Remittances vs. foreign investment

Data shared at the event highlighted the massive scale of these inflows:

- 2025 Estimates: Remittances reached approximately $7.8 billion, nearly triple the $2.5 billion recorded in Foreign Direct Investment (FDI).

- 2024 Figures: Ghana recorded $4.6 billion in remittances, accounting for roughly 6% of the nation’s GDP.

Dr Asiama noted that these figures prove the diaspora is no longer peripheral to the economy but is now a "cornerstone" of Ghana's external stability.

New policy measures

To support this shift, the Bank of Ghana is implementing several measures:

- Structured Products: Exploring diaspora bonds and foreign-currency-denominated investment vehicles.

- Digital Innovation: Using fintech, blockchain, and tokenization to lower the cost of sending money and improve transaction security.

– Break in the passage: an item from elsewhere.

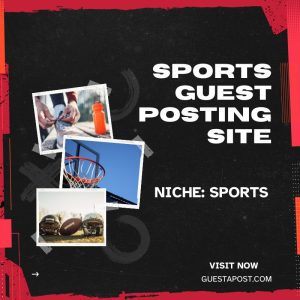 Sports Guest Posting Site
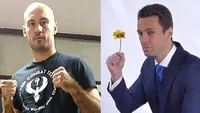 Motociclistul care l-a făcut K.O pe Mircea Badea va deveni antrenor de MMA!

- Formal Channels: Strengthening transparency in the foreign exchange market and improving data reporting.

The Governor explained that Ghana is modeling its approach after countries like Kenya, the Philippines, and Mexico, which have successfully integrated diaspora capital into national development plans.

Economic outlook

Dr Asiama also provided an update on Ghana’s broader economy, citing improving inflation trends and a resilient cedi. He credited these gains to tight policy management and a strengthened reserve position, assuring the diaspora that the country's macroeconomic framework is stable enough to support their investments.

"We must treat the diaspora as domestic investors abroad, not just external senders," Dr Asiama concluded.